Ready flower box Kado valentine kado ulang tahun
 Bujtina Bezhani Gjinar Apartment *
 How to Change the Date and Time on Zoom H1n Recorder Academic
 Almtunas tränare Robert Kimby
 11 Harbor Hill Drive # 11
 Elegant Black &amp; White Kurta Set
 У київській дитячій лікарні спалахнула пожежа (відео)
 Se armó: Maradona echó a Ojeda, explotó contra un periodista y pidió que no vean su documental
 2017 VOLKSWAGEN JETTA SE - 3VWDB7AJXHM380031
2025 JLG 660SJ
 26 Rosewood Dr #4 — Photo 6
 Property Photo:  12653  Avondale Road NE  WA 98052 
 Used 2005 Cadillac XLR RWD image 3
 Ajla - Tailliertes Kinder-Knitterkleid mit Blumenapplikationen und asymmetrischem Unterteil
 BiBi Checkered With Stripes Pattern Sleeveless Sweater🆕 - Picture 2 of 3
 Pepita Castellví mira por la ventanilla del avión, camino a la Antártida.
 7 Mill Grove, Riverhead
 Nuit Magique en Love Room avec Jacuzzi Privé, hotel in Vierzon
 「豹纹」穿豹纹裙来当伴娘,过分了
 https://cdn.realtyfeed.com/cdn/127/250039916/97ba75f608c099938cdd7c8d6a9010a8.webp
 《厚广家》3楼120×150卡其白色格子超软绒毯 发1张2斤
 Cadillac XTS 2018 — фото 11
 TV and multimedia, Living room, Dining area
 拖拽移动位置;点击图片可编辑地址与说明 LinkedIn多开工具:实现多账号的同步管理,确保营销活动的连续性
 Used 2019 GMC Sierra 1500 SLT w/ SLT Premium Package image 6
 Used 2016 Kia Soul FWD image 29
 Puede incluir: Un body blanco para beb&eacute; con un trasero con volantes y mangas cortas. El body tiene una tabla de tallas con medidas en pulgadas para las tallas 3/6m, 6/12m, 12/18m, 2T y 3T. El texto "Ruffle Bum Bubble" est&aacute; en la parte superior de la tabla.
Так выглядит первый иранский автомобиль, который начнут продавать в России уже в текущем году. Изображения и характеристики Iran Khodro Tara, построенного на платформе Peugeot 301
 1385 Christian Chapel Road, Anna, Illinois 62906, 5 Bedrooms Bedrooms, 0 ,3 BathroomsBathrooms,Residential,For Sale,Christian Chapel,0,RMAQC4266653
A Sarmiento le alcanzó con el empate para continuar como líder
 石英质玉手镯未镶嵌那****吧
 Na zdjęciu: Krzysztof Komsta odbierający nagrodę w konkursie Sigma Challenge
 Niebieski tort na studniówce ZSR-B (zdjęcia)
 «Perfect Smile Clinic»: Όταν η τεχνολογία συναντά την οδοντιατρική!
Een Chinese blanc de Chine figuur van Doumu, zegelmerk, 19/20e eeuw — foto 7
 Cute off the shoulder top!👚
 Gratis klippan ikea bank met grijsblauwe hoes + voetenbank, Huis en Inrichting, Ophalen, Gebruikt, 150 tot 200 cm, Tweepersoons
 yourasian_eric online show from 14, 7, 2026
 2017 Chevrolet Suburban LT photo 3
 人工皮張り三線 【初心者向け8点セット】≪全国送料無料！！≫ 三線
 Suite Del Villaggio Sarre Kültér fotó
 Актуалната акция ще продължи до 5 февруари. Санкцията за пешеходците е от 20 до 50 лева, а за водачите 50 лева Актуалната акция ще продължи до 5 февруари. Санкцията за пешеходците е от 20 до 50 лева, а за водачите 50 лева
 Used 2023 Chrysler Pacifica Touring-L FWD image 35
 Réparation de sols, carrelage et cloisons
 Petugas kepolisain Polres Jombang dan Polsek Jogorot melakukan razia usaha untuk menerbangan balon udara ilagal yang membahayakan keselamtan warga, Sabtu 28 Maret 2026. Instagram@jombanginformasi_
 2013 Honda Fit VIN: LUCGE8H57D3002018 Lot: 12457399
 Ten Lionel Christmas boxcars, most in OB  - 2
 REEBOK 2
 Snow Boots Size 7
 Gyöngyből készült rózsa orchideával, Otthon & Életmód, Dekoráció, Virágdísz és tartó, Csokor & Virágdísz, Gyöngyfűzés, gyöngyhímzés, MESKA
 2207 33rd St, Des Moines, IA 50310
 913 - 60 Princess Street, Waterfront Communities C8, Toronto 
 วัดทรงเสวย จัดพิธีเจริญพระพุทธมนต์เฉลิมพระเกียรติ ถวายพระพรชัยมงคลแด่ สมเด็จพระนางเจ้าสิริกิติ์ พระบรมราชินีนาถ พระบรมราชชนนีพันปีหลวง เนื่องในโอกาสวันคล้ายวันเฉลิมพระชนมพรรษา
----
PROMPT -
Locate and copy each line in the data above that includes the word "Cadillac".

OUTPUT -
 Used 2005 Cadillac XLR RWD image 3
 Cadillac XTS 2018 — фото 11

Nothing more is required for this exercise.